Minnesota State Fair event venue

The Lee & Rose Warner Coliseum is a 5,000-seat indoor arena in Falcon Heights, Minnesota, United States. Built in 1951 on the grounds of the Minnesota State Fair, the venue hosts indoor events of the fair such as livestock shows, dog shows, equestrian and bull riding. During the fair, vendors selling merchandise such as Western wear fill the concourse.

==History==

The original structure on the site, the St. Paul Hippodrome, was built in 1906 and housed an indoor ice rink from 1909 to 1942. The building fell into disrepair after being used as a military aircraft propeller plant during World War II. The current structure was built in 1951 in an Art Deco style consistent with other fairgrounds buildings of the era. It continued to be known as the Hippodrome until 1975 when it was renamed Coliseum. The arena was renamed Lee & Rose Warner Coliseum in 2006. Lee Warner was Vice President of the Minnesota State Agricultural Society Board of Managers, which oversees the Minnesota State Fair, from 1919 to 1944.

On October 6, 1962, President John F. Kennedy spoke at the arena to campaign for Democratic candidates in the upcoming congressional election.

Air conditioning was added in 1975 which allowed for an ice rink in the arena. The coliseum then became popular in the winter months as a venue for high school and college ice hockey, hosting up to five games per week through the 1980s. The University of St. Thomas men's hockey team played its home games at the coliseum from 1976 until 2003. With expensive repairs needed to the arena's ice-making equipment and decline in usage, the final hockey game was played there in 2014. The last games played, within the Coliseum were high school section championships. The Centennial Cougars defeated the Blaine Bengals 2 to 1 and the Stillwater Ponies defeated the Hill-Murray Pioneers 2 to 1 to earn trips to the Minnesota State High School Hockey Tournament.
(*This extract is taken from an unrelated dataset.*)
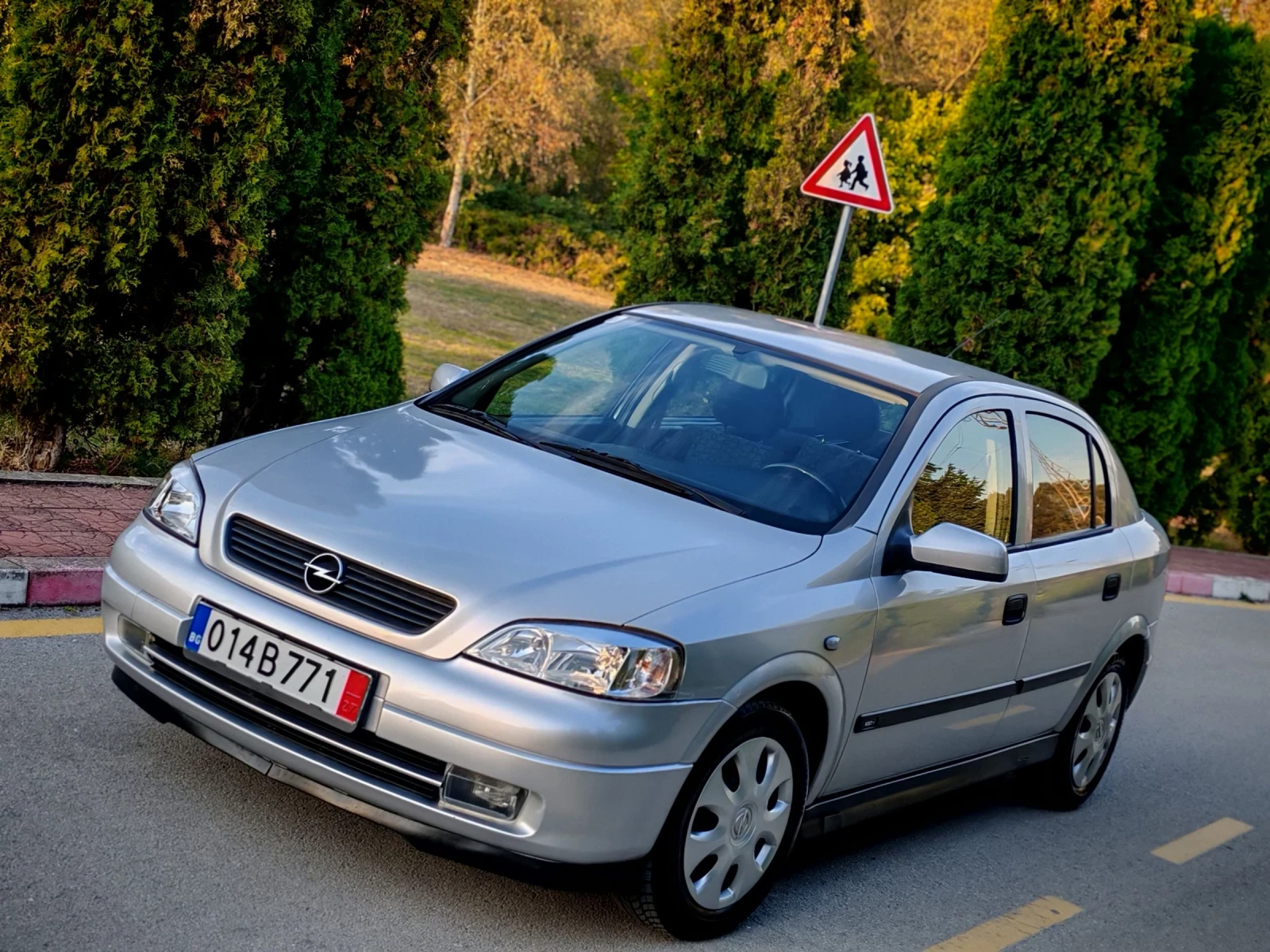 Opel Astra 1.6MI(84)* COMFORT-EDITION* НОВ ВНОС*  - изображение 2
The arena has also hosted professional sports, including the Minnesota Monsters, St. Paul Fighting Saints, and North Star Roller Derby.

===Renovation===

Following the 2024 State Fair, the arena is scheduled to undergo several improvements, including a new roof, better lighting and airflow. The renovations are set to cost an estimated $22 million and will be funded in part by a $2 increase to State Fair admission tickets. The project is expected to be completed by April 2026.